- TASK GOAL
Print the listing below exactly, minus its pictures.

- GIVEN MATERIAL
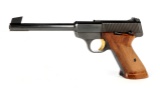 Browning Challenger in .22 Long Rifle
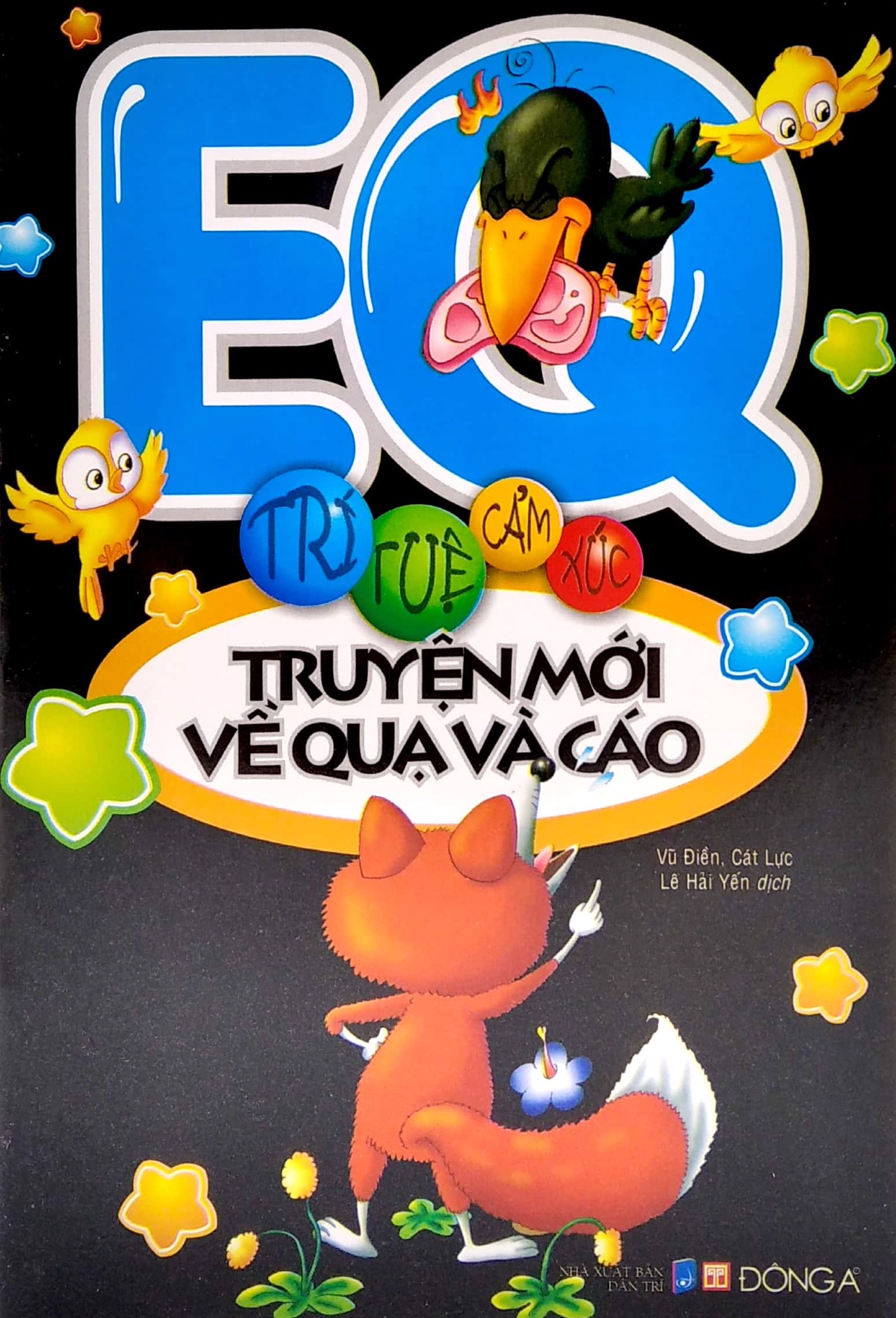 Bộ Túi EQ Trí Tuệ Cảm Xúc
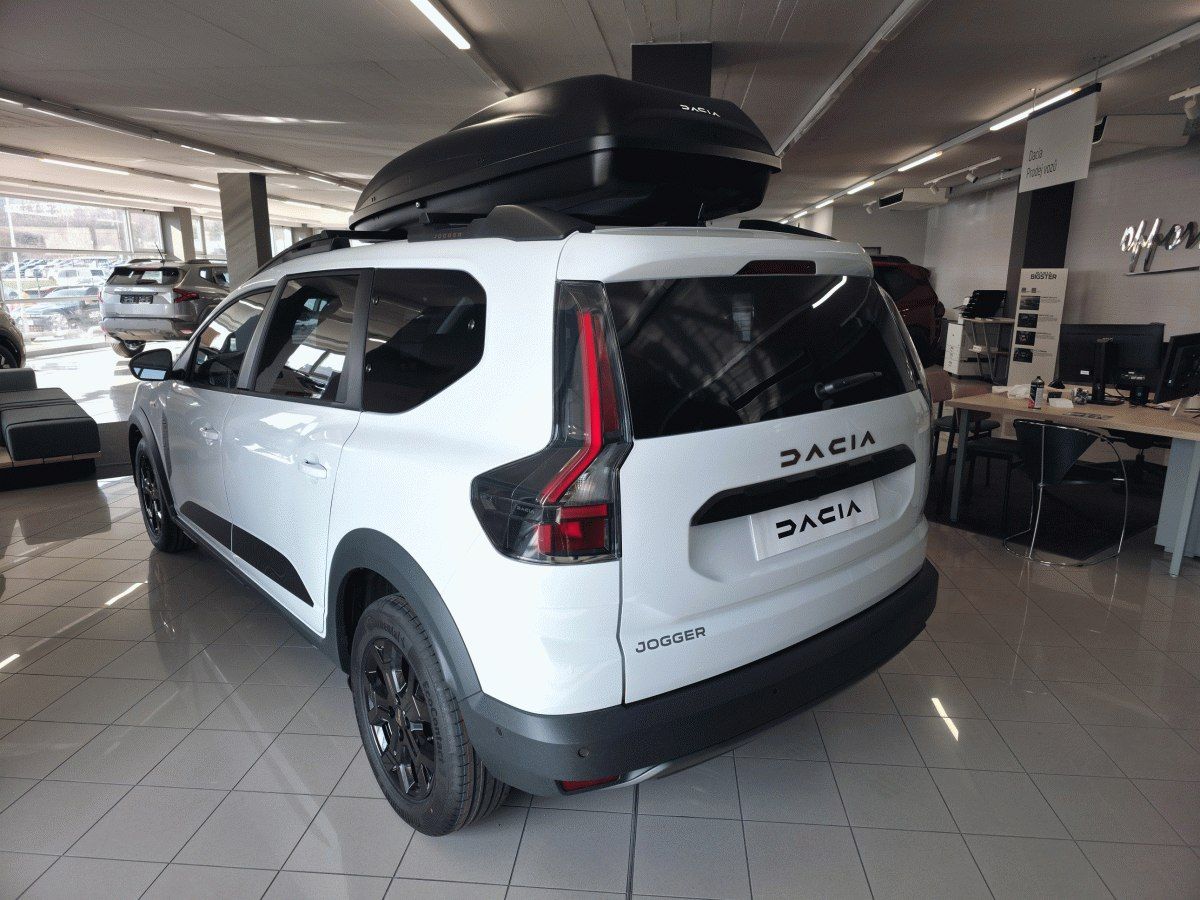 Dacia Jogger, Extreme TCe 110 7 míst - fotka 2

- RESULT OF THIS TASK
 Browning Challenger in .22 Long Rifle
 Bộ Túi EQ Trí Tuệ Cảm Xúc
 Dacia Jogger, Extreme TCe 110 7 míst - fotka 2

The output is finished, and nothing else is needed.